## SUPPLIED MATERIAL

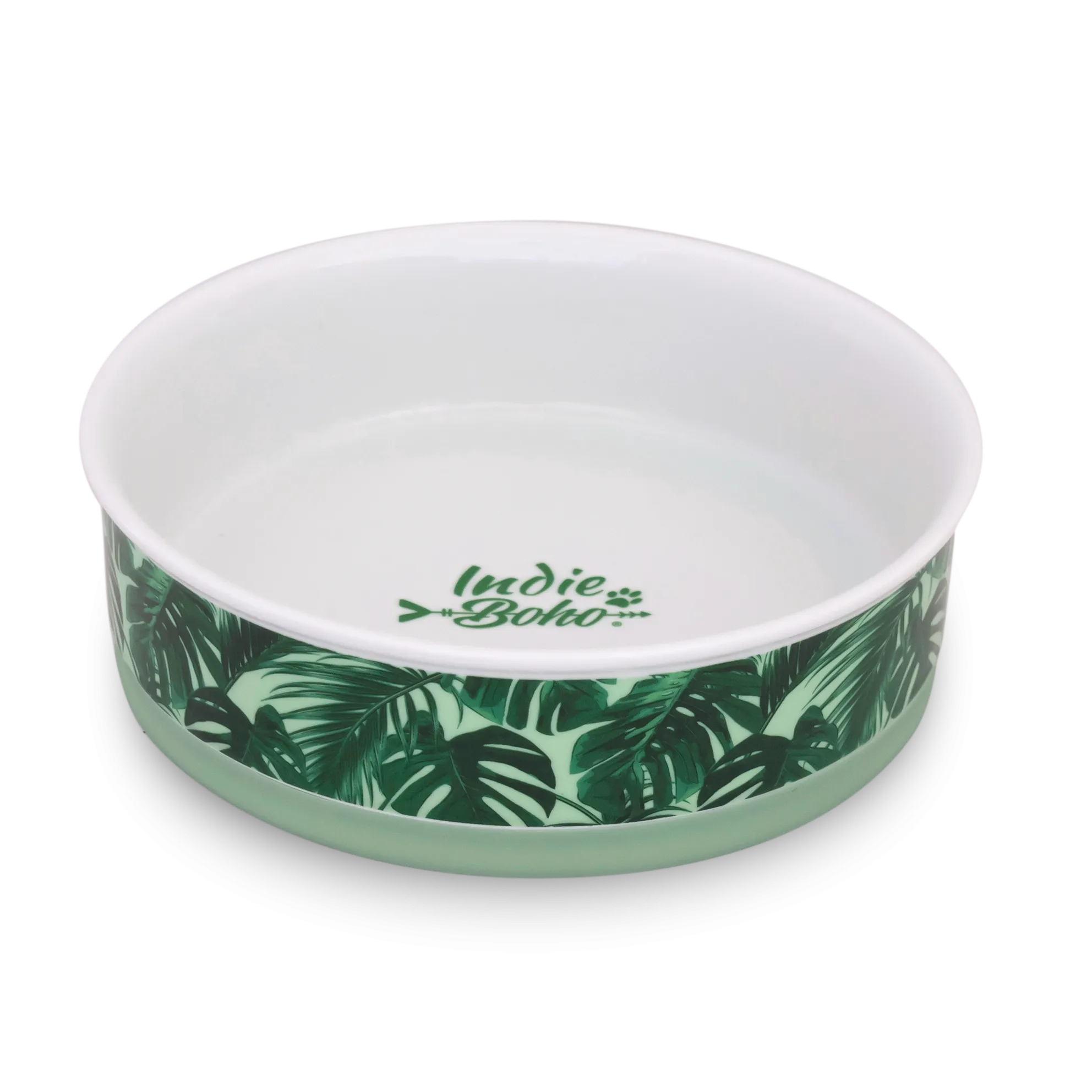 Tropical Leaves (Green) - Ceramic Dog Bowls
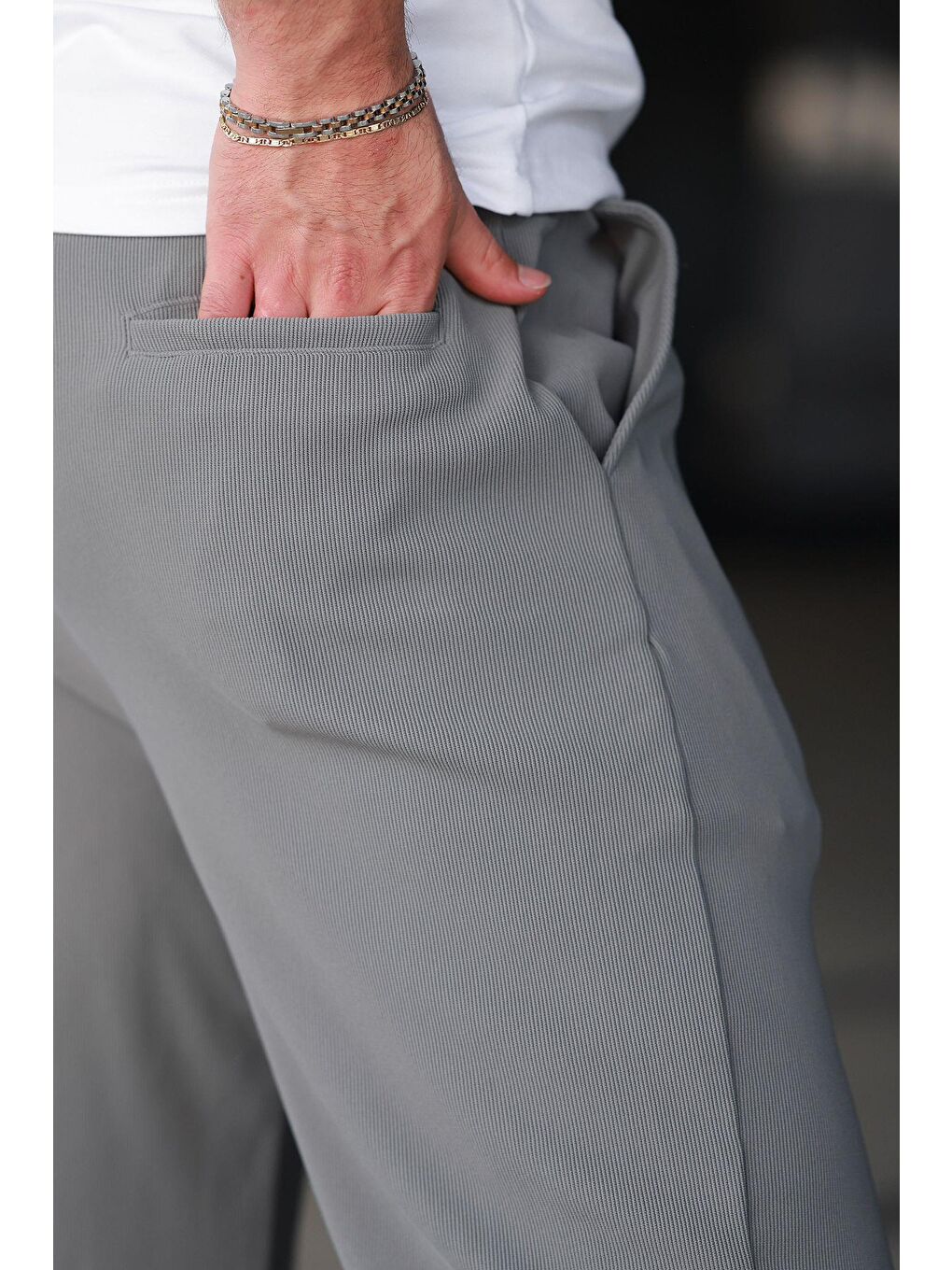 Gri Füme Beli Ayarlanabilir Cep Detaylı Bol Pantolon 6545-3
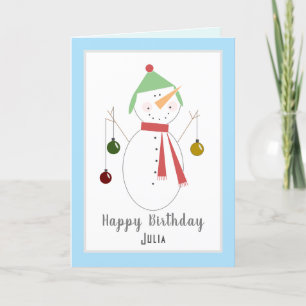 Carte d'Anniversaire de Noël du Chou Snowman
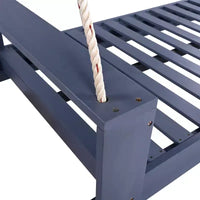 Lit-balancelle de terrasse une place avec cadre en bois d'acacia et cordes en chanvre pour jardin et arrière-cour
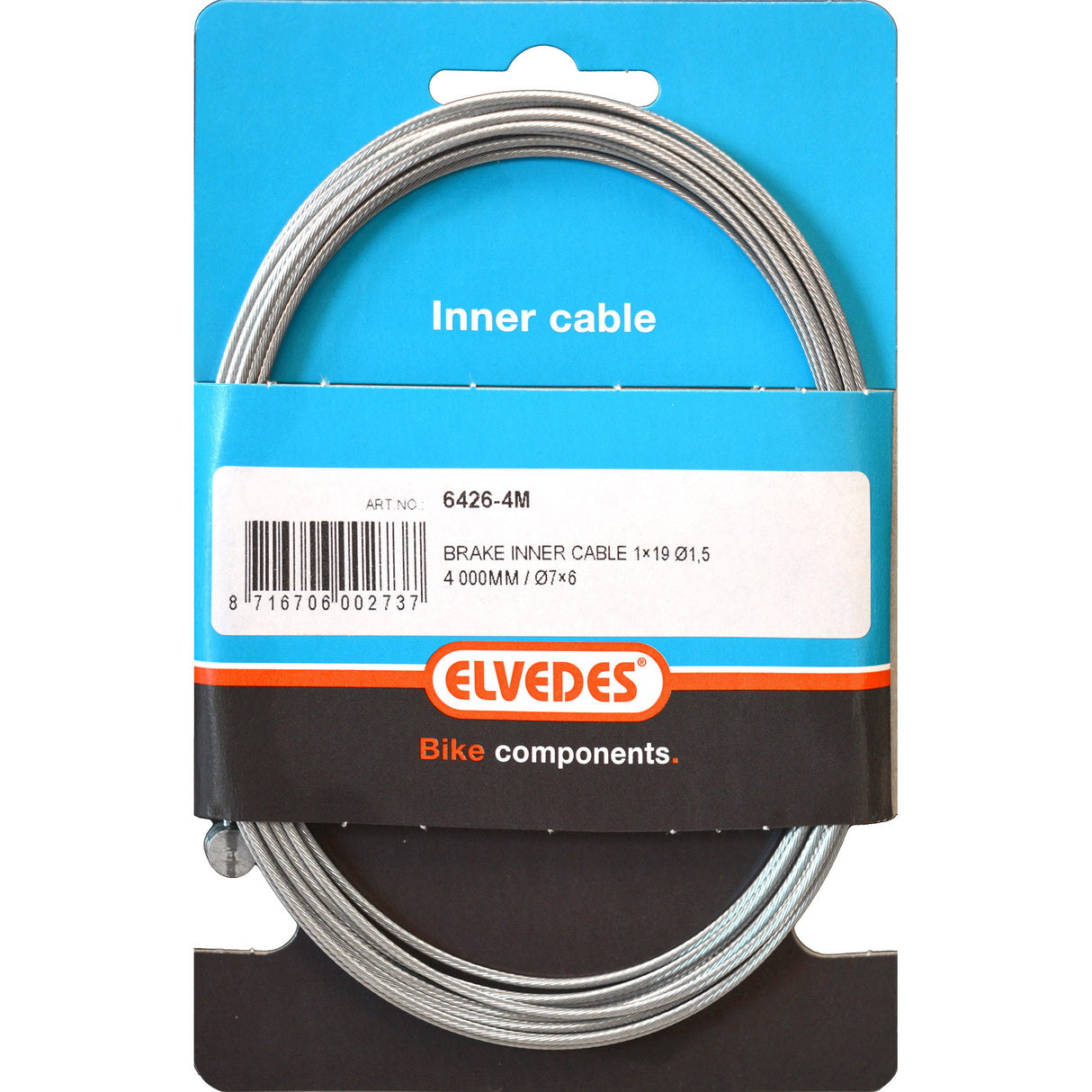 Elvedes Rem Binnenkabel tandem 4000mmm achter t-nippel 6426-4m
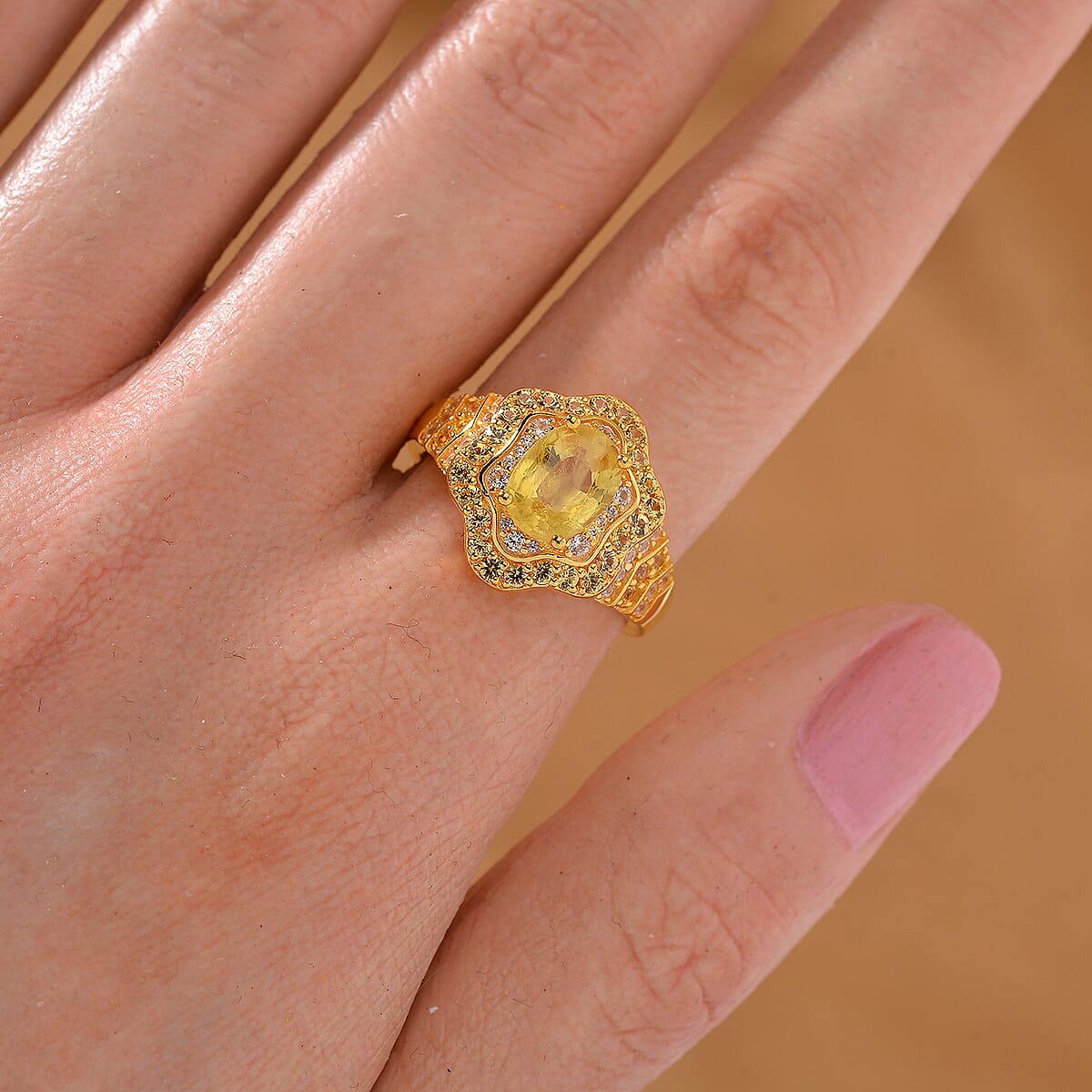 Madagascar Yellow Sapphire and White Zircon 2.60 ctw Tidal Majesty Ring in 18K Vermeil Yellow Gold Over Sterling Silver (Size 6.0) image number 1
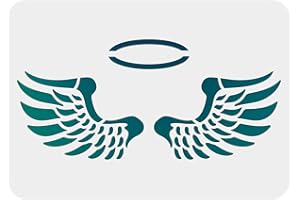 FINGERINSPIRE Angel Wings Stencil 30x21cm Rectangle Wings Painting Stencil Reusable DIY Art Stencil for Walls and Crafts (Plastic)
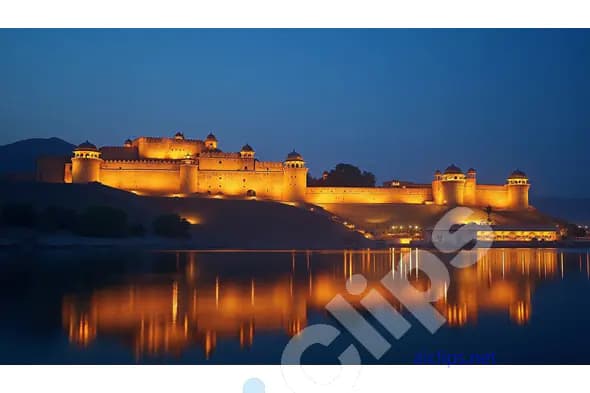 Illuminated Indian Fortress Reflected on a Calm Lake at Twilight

## WORK INSTRUCTIONS
Your task is to restate word for word the lines from the line holding "Lit-balancelle de terrasse" through the final line of the listing, both included, but none of the pictures.

## ANSWER TO THE EXERCISE
 Lit-balancelle de terrasse une place avec cadre en bois d'acacia et cordes en chanvre pour jardin et arrière-cour
 Elvedes Rem Binnenkabel tandem 4000mmm achter t-nippel 6426-4m
 Madagascar Yellow Sapphire and White Zircon 2.60 ctw Tidal Majesty Ring in 18K Vermeil Yellow Gold Over Sterling Silver (Size 6.0) image number 1
 FINGERINSPIRE Angel Wings Stencil 30x21cm Rectangle Wings Painting Stencil Reusable DIY Art Stencil for Walls and Crafts (Plastic)
 Illuminated Indian Fortress Reflected on a Calm Lake at Twilight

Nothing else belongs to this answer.